> **DIRECTIONS FOR THIS TASK**
Please repeat, precisely as written, only the lines from the one containing "venskab og forventninger." through the last line of the records below, pictures omitted.

*****

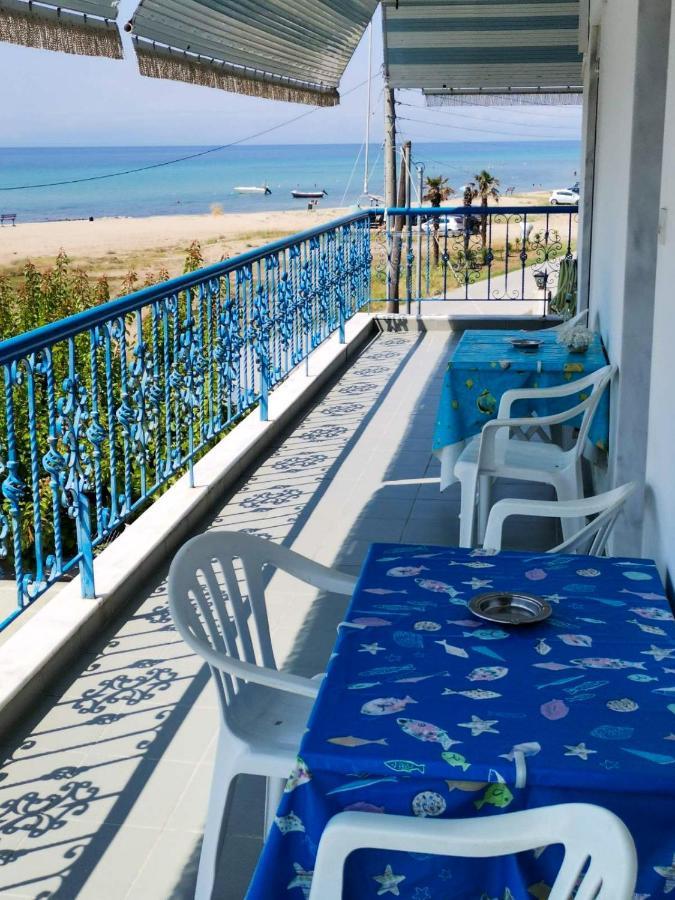 Galinis' Sea Front Studios Nea Kallikrateia Exterior photo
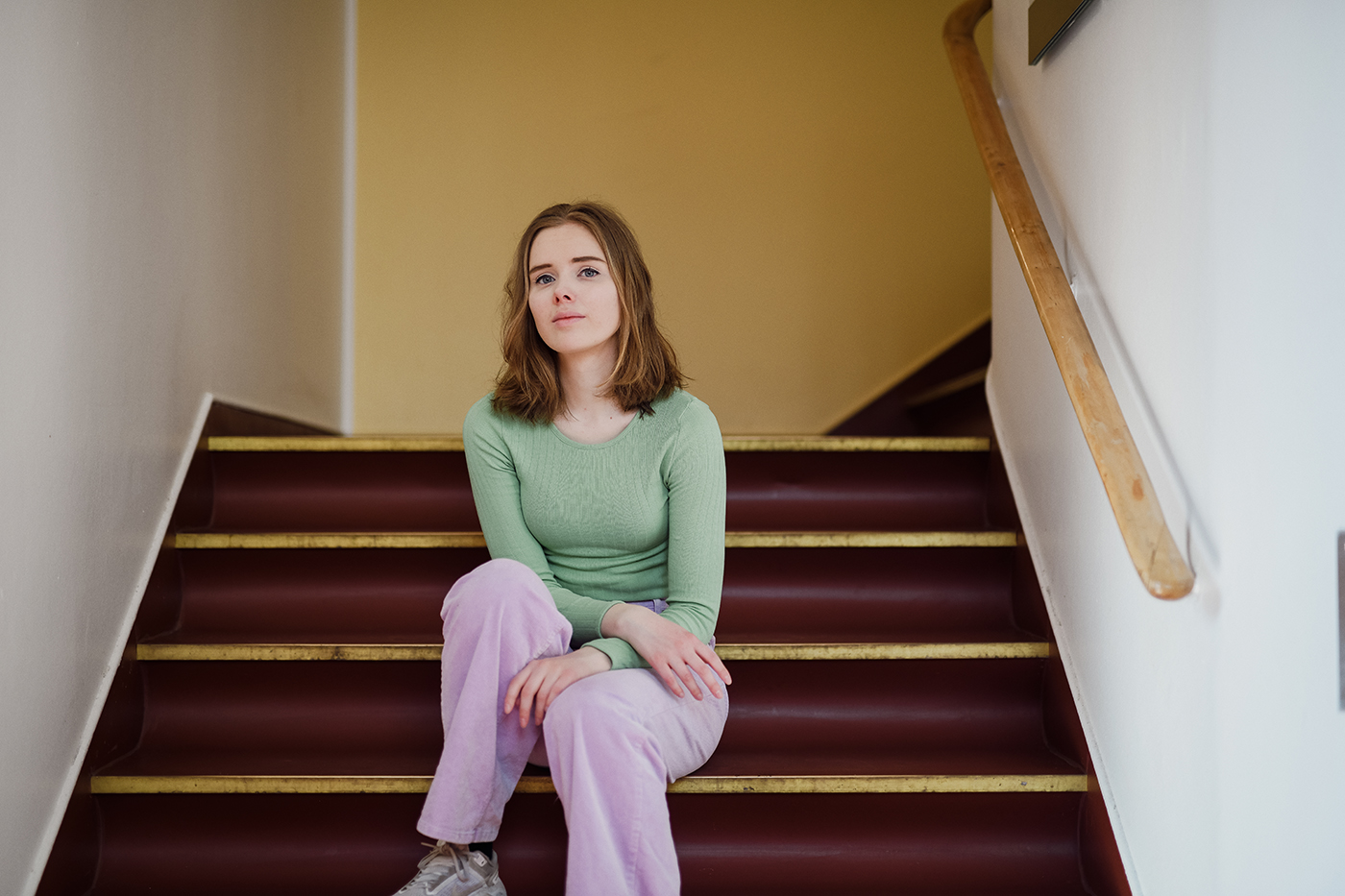 »Det er motiverende for mig, når jeg føler, at jeg giver noget eller bidrager med noget til folk. At min bog er noget andet, end bare mit eget egoistiske ’jeg vil gerne fortælle den her historie’,« fortæller Sofie Riis Endahl, hvis bøger behandler temaer som ensomhed, venskab og forventninger. 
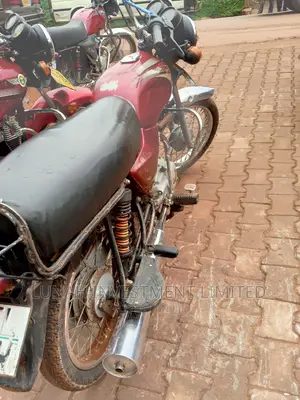 Bajaj Boxer 2023 Red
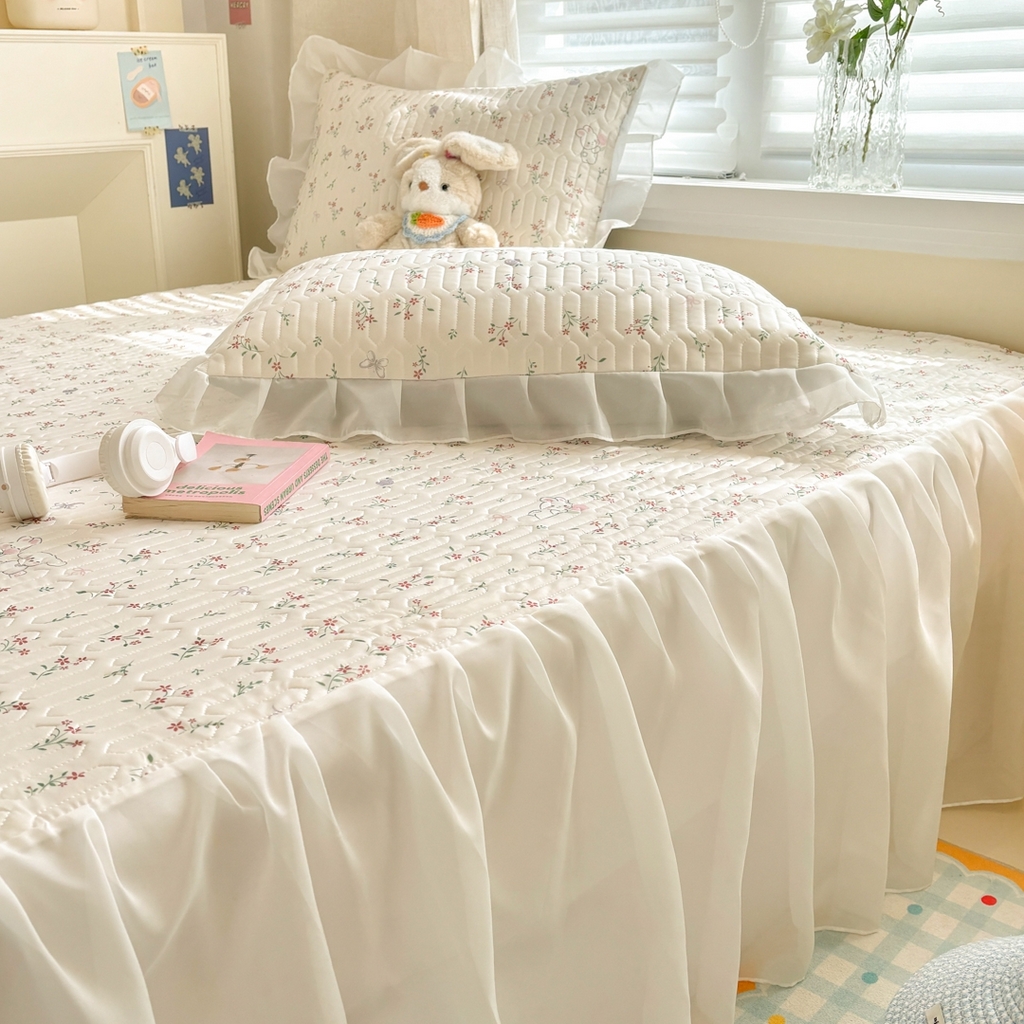 91家纺网 家纺一手货源 找家纺 慕尚家纺 2026新款床裙凉席夏被空调被夏凉被三件套四件套 床裙款 小兔碎花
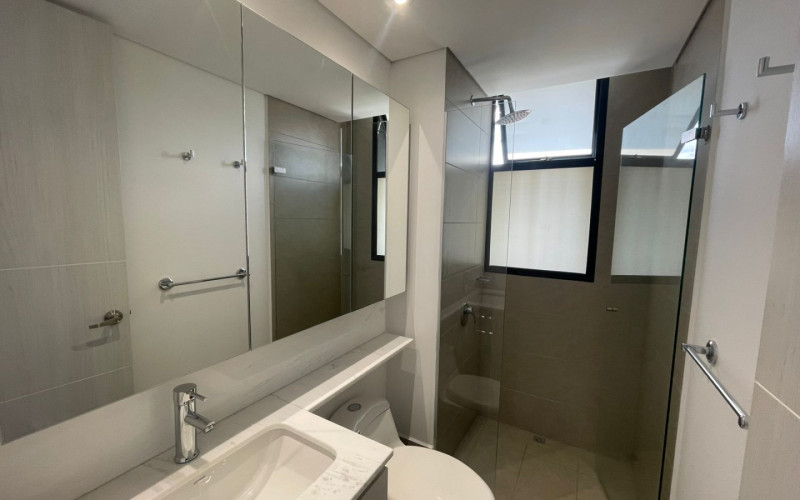 For Rent Elegant Top-Floor Apartment with Panoramic Views for Rent in Lalinde, El Poblado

*****

> **OUTPUT OF THE TASK**
 »Det er motiverende for mig, når jeg føler, at jeg giver noget eller bidrager med noget til folk. At min bog er noget andet, end bare mit eget egoistiske ’jeg vil gerne fortælle den her historie’,« fortæller Sofie Riis Endahl, hvis bøger behandler temaer som ensomhed, venskab og forventninger. 
 Bajaj Boxer 2023 Red
 91家纺网 家纺一手货源 找家纺 慕尚家纺 2026新款床裙凉席夏被空调被夏凉被三件套四件套 床裙款 小兔碎花
 For Rent Elegant Top-Floor Apartment with Panoramic Views for Rent in Lalinde, El Poblado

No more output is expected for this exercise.